Arlo Technologies (ARLO)

Liquidity ratios

Dec 31, 2023 Dec 31, 2022 Dec 31, 2021 Dec 31, 2020 Dec 31, 2019
Current ratio 1.55 1.43 1.44 1.50 1.60
Quick ratio 1.25 1.11 1.21 1.20 1.31
Cash ratio 0.85 0.70 0.83 0.87 0.87

The liquidity ratios of Arlo Technologies Inc over the past five years show a mixed performance in terms of short-term financial health and ability to meet its current obligations.

The current ratio, which measures the company's ability to cover its short-term liabilities with its current assets, has been relatively stable over the years, ranging from 1.43 to 1.60. A current ratio above 1 indicates that the company has more current assets than current liabilities, suggesting a healthy liquidity position. Arlo Technologies Inc's current ratio has mostly been above 1, indicating sufficient short-term liquidity.

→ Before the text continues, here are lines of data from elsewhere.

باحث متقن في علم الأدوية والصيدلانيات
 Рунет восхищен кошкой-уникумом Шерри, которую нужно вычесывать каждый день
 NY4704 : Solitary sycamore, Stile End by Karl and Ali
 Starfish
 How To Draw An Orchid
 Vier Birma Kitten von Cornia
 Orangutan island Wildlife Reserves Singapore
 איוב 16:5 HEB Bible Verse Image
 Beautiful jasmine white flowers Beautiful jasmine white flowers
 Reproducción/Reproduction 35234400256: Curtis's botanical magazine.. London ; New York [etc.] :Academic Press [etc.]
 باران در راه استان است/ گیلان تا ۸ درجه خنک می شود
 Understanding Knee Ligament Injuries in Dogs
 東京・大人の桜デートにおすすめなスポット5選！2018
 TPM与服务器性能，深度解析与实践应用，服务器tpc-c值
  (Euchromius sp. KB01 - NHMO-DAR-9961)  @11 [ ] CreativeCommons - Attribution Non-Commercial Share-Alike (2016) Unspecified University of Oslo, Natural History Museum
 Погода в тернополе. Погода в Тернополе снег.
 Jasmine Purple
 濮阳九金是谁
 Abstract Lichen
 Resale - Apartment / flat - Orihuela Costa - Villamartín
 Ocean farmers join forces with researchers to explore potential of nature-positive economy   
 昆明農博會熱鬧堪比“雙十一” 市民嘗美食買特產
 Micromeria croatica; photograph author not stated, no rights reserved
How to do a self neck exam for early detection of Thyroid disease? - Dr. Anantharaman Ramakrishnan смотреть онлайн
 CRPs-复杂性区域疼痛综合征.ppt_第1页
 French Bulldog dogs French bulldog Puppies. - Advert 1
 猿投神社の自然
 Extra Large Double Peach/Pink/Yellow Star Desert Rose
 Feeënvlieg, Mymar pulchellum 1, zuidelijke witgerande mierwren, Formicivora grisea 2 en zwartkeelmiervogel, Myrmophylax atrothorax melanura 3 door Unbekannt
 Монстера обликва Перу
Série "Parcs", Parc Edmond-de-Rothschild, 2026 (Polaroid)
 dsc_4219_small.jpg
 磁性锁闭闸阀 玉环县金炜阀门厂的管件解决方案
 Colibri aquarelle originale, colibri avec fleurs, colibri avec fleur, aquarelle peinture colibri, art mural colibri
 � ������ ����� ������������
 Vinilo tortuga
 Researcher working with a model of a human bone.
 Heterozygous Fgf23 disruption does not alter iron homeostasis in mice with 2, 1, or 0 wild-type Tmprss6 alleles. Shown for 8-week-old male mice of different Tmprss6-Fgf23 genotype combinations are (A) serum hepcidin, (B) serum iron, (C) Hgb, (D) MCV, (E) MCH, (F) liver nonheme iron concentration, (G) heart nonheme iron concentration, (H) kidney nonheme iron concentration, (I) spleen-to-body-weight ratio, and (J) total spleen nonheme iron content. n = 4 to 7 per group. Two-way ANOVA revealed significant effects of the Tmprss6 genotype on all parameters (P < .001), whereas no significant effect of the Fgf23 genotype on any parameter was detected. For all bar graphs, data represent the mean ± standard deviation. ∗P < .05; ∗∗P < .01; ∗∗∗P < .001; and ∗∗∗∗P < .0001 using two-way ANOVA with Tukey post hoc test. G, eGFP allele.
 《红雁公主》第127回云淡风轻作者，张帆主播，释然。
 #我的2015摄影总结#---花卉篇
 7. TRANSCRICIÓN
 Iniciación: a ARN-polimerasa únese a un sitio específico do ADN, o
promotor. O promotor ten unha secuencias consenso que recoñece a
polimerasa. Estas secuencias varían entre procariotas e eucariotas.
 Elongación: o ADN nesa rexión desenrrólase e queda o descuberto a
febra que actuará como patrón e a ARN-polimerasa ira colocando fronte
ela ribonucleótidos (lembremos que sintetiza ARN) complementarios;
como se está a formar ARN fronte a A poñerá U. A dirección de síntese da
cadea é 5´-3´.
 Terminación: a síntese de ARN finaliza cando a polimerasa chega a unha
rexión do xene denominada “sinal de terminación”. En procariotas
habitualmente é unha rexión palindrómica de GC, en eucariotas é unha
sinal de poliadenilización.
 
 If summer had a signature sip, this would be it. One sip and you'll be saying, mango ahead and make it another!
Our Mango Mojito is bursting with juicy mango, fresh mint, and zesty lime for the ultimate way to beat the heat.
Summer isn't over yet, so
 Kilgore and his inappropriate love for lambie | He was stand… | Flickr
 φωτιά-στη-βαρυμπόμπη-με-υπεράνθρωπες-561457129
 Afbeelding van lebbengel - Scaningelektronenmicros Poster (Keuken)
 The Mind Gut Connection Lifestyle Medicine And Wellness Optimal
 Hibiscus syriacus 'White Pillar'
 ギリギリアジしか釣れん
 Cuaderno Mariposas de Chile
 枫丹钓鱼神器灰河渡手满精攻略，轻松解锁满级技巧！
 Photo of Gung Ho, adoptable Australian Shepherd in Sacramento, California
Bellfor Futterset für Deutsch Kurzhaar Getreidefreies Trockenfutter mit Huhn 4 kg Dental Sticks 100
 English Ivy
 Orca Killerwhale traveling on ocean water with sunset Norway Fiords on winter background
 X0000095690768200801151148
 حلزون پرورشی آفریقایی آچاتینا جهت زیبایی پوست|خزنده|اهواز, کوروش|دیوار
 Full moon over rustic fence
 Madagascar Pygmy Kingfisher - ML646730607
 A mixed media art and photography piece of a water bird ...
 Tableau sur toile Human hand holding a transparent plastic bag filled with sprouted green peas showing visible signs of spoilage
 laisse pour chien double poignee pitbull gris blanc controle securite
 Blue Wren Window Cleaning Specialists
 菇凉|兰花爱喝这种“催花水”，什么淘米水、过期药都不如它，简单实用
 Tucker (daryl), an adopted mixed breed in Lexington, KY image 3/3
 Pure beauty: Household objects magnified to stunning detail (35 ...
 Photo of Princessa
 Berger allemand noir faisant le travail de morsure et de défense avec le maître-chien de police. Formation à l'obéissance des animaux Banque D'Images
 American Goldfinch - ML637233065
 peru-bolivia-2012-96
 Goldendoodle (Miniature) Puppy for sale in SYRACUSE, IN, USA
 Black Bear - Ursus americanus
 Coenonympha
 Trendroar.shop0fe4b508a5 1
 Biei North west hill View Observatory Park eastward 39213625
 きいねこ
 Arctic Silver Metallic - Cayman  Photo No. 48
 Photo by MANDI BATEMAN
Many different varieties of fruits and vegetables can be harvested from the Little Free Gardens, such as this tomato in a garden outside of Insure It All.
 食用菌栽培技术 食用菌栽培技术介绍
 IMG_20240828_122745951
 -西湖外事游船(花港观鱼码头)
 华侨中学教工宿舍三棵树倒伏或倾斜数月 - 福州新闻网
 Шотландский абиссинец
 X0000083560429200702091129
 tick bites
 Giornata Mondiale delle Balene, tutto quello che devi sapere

The quick ratio, also known as the acid-test ratio, provides a more stringent measure of liquidity by excluding inventory from current assets. Arlo Technologies Inc's quick ratio has fluctuated between 1.15 and 1.36 over the past five years. A quick ratio above 1 indicates that the company can meet its short-term liabilities without relying on selling inventory, which is generally considered a positive sign. While the company's quick ratio has shown some variability, it has generally remained above 1, indicating a reasonable ability to meet short-term obligations.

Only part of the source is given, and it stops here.